16世紀初め、ポルトガル人のトメ・ピレスも著書『東方諸国記』の中で、チャンパの主要な商品として「カランバック」にふれている。すなわち真物の沈香であり、同種の中では最良のものとし、マラッカでは2アラテルにつき、6~7クルサードの値であるが12クルサードのものもあると記している。
日本での伽羅
日本では14世紀後半頃に成立した『異制庭訓往来』に「伽藍木」「妬伽羅」とあり、『遊学往来』に「伽羅木」がみえる。
天正二年(1574)の「建部隆勝筆記」には、「名香木所之様体、御尋候、伽羅、新伽羅、羅国、真那班、真那賀、大形如斯候」とあり、伽羅を最上とする後の香道の「六国」の原型が16世紀後半には現れている。なお伽羅と新伽羅の違いは、輸入の時期による新古の違いによる価値の差を区別するためと考えられる。

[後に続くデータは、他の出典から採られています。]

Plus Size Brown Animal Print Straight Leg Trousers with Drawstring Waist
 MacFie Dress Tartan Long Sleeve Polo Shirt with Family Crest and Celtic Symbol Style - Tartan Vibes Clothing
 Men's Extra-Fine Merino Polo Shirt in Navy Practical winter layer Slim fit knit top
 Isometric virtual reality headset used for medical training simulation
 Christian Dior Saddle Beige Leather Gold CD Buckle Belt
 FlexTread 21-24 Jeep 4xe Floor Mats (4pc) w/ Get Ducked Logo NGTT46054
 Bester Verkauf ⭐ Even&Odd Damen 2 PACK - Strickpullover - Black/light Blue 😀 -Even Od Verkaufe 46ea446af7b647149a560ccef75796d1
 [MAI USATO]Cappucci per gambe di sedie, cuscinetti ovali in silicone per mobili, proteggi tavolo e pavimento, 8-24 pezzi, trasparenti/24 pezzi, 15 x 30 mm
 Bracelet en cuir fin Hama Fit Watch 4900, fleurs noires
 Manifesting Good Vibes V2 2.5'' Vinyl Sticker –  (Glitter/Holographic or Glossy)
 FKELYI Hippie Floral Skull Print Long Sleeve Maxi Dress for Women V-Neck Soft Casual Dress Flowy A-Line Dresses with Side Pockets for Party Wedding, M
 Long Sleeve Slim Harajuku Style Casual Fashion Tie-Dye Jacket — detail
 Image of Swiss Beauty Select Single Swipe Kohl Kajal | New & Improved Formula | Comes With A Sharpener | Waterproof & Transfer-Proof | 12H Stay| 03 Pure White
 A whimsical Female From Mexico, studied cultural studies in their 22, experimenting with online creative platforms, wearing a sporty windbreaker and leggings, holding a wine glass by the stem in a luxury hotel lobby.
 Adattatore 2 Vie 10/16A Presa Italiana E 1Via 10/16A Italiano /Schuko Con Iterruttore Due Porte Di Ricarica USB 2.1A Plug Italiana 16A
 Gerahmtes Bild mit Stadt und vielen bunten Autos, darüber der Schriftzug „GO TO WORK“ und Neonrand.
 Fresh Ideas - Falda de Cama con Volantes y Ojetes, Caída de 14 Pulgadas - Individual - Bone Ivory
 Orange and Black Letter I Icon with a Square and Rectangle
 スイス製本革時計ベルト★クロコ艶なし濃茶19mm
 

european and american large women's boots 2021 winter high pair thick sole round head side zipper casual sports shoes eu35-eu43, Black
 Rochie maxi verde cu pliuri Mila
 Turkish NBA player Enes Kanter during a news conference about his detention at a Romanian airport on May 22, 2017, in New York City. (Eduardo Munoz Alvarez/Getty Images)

このため、伽羅の需要は非常に高かった。天正五年(1577)八月、フロイスは巡察師のアレッサンドロ・バリニャーノに宛てた書簡の中で、日本の大身たちが珍重する物を挙げているが、その中に伽羅・沈香がみえる。徳川家康も伽羅の入手に力を尽くしており、慶長十一年(1606)、占城国主やカンボジア国主、シャム国王、田弾国王らに宛てて、それぞれ極上の奇楠香を求めている。
慶長十四年(1609)、長崎奉行・長谷川藤広は、占城国主に対して銀20貫目を送って伽羅100斤を入手した。しかし銀と比べて伽羅の量が少なすぎるといって重ねて要求している。
また慶長十九年の平戸オランダ商館員の報告によると、堺で売買した商品のうち、沈香は品質により1斤につき70匁ないし80匁、伽羅は品質により1斤につき230匁ないし250匁であったとされる。